**What you are asked to do:** Copying rule for the data below: pictures stay out, and only the lines from the one with "Lo scorso 19" down to the one with "saia - 2024-06-12T03:00:05.962000", inclusive, are repeated exactly.

**Given entries:**
****************

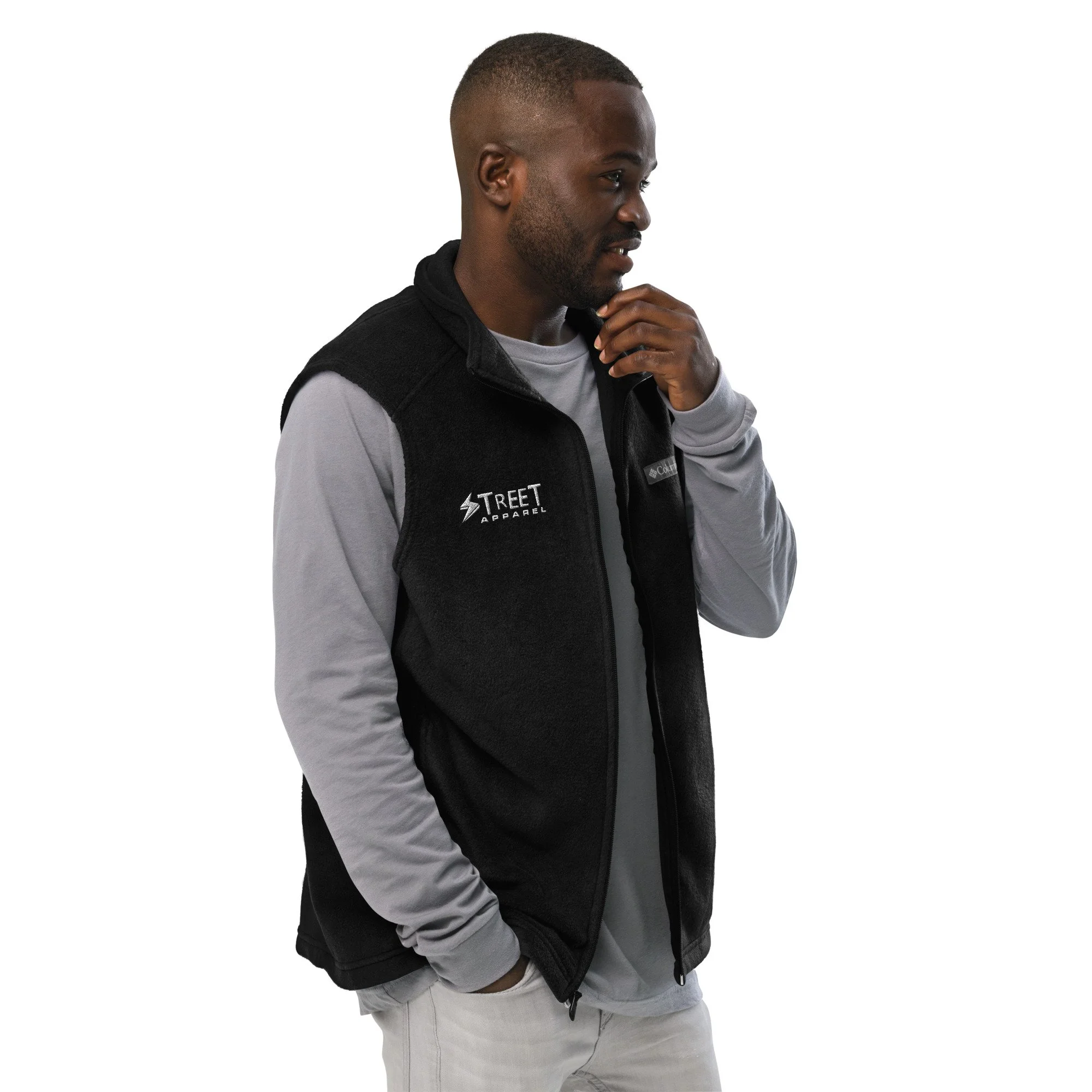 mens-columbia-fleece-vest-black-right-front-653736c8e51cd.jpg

****************

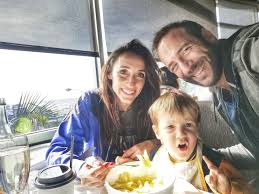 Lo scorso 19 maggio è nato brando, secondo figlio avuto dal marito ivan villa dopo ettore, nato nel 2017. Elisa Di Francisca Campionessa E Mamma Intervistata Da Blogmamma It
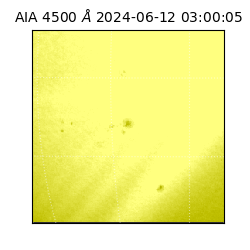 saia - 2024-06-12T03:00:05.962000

****************

**Exercise solution:**
 Lo scorso 19 maggio è nato brando, secondo figlio avuto dal marito ivan villa dopo ettore, nato nel 2017. Elisa Di Francisca Campionessa E Mamma Intervistata Da Blogmamma It
 saia - 2024-06-12T03:00:05.962000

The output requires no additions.